Por otra parte, no comparto es que ese valor fetichista haya existido siempre, al menos tan acentuado. Los escultores que tallaban las iglesias románicas son anónimos, igual que en el arte hindú, por lo que sé. Incluso cabría preguntarse si en el siglo XIX, (ya instaurado el mito sobre la genialidad del artista) un solo cuadro podía venderse por miles de millones de € (su equivalente en aquella época, quiero decir). Apuesto a que no, pero si alguien tiene datos, se agradecerían.
@Almudena:
Yo también estoy de acuerdo contigo, pero me mantengo en lo del fetichismo :-) En los ejemplos que pones, lo que les daría el valor añadido es que son obras religiosas; quiénes las esculpieron era irrelevante porque estarían siendo ‘inspirados por dios’. Sin embargo, en las culturas menos religiosas se valoraría más al artista (por ejemplo, en la Grecia clásica) o la antigüedad de la obra.
Hombre, es que, visto así, fetichismo, no es más que una forma más suave, de decir «sacralización». Esto es: otorgar valores simbólicos, mágicos, a un objeto. Sin embargo, insisto, no siempre ha sucedido con el arte.
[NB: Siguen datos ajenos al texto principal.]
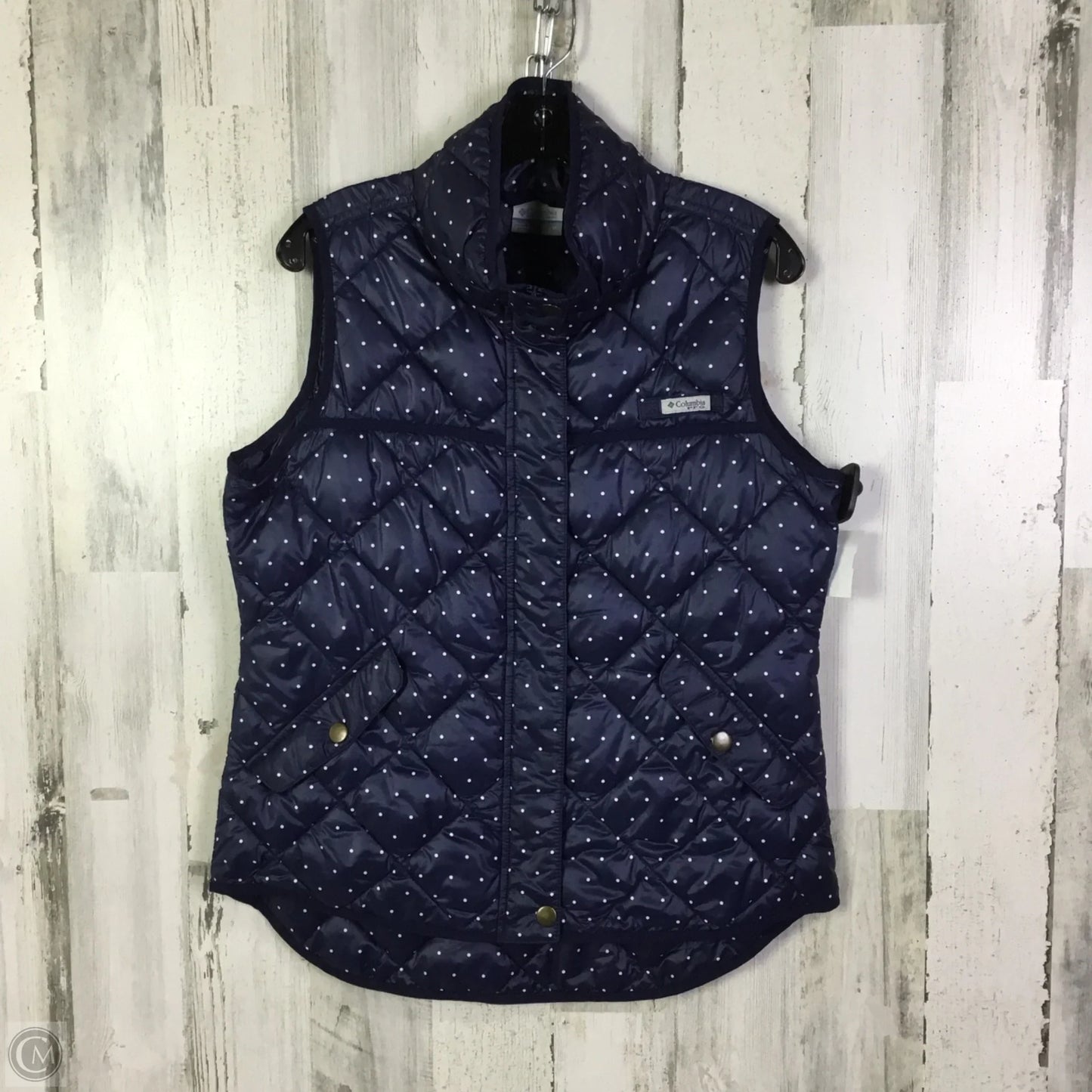 Vest Puffer & Quilted By Columbia In Navy, Size: M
Antiguamente, por ejemplo, se podía destrozar un templo romano para usar sus columnas en una iglesia. Sustituir un capitel de tal tipo por otro, construir encima de un edificio anterior… no había esta conciencia de «patrimonio artístico», y mucho menos referido a las obras contemporáneas de la época. El vaticano cubría con hojas de parra toda escultura que llegase a sus manos, por poner otro ejemplo. El arte era más valorado por su mensaje, así que si el mensaje no les gustaba, se podía cambiar sin problemas. El objeto, en sí, no tenía nada de sagrado y la voluntad del artista creador, menos. De hecho, creo que Miguel Ángel fue uno de los primeros en firmar La Pietà, y no porque fuese algo habitual, sino porque había otro escultor que le hacía la competencia en la ciudad y quería hacerse auto-propaganda. Es más, la escultura fue expuesta antes de ser firmada. Solo cuando Miguel Ángel vio su éxito y temió que pudiese ser atribuida al otro escultor, decidió firmarla. La obra de muchos compositores barrocos o prebarrocos, por otra parte, apenas sí se conserva porque cada pieza se consideraba algo efímero, compuesto para una ocasión determinada… no tenía demasiado valor.
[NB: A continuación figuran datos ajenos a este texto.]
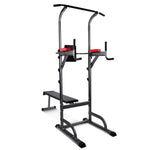 Everfit Weight Bench Chin Up Bar Bench Press Home Gym 380kg Capacity FIT-CHINUP-BENCH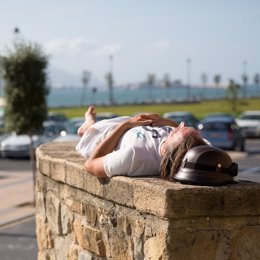 Siesta, durmiendo al aire libre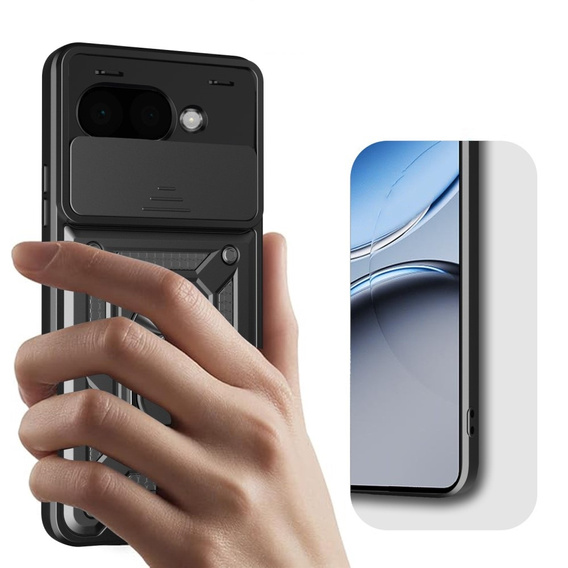 Pouzdro pro Google Pixel 9A, CamShield Slide, černé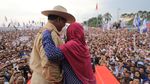 Potret Ramainya Kampanye Prabowo Sapa Wong Kito Galo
Estoy bastante convencida de que el carácter «sagrado» del arte es relativamente reciente, sobre todo si se refiere a los objetos. Llámalo fetichismo o llámalo x.
Pues si, puede ser fetichismo, pero no es lo mismo observar o tener un original que una copia. Yo no diría que es darle un valor mágico, lo llamaría valor intangible o subjetivo, un valor que en todo caso reside en el que observa, no objetivo. Ocurre como por ejemplo en las subastas de objetos pertenecientes a personajes famosos. El objeto en sí, puede tener poco valor (un guante) , pero es la historia que hay detrás y el apego (o el deseo de poseer el objeto) que siente el comprador o compradores los que le dan el valor. De modo similar, en la escultura o el cuadro o el manuscrito, la partitura, o algo equivalente, sabes que es el autor el que ha transformado directamente el objeto en cuestión, lo que le otorga a mi modo de ver un valor (subjetivo) adicional que no posee la copia. En la fotografía, el arte digital, la arquitectura, música, vídeo, etc no existe análogo equivalente, pues no hay manipulación directa del artista sobre el objeto. De todas formas, ese valor subjetivo me parece igual de equivalente al que el que se le dá a la obra en sí en tanto que es el que observa el que le da el valor. A mí la mona lisa me parece una tontuná, y no pagaría ni cinco leuros por el cuadro, porque para mí no tiene valor, y ya puede venir el altísimo comisario del louvre a decirme lo contrario que le mando a freir esparragos. Vamos, que el valor es subjetivo o cultural más que real o intrinseco o divino.